J’avance masqué pour me protéger. Il y a tant de détraqués dans les friches industrielles, les galeries marchandes, les sacristies périphériques. Et sur la « toile» , bien entendu. Les réseaux sociaux, ces carnavals de Pâques aux tilles !
L’ennui, d’un point de vue éthique, c’est que même si j’avance à visage découvert, je porte encore un masque. L’étymologie est formelle, une « personne» très quelconque a son origine dans le latin « persona» = masque d’acteur, masque de théâtre.
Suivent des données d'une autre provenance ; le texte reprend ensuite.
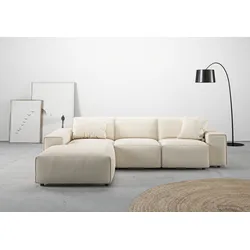 Ecksofa ANDAS "Glimminge L-Form auch in Breitcord, Feincord + Easy care-Bezug", beige (natur), B:264cm H:71cm T:191cm, 100% Polyester, Sofas, Breite 264, Zierkissen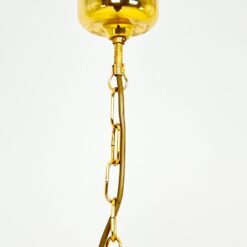 Aukso spalvos metalo pakabinamas šviestuvas su stiklu 59x59x130 cm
La parole passe à travers le masque et résonne, « per-sonare» , « sonare per» . Ah quel pied de paraître savant, c’est comme faire craquer sous la dent des cèpes à la bordelaise !
En définitive (le curé dans mon enfance, près de Libourne, dont le nez – celui du curé – gouttait en permanence, disait toujours cela « en définitive» et avait ainsi un air instruit), en définitive (c’est une façon de parler, vous l’avez compris) (qui n’est pas spécifique aux curés) (même si ce dernier portait une soutane) (qui luisait d’usure, comme du charbon sur lequel on aurait renversé de l’huile d’olive) où est donc notre véritable MOi sous toutes ces pelures d’oignon qu’il faut enlever l’une après l’autre (le masque du carnaval de Venise) (et puis notre épiderme) (pas étonnant qu’on pleure) (parfois)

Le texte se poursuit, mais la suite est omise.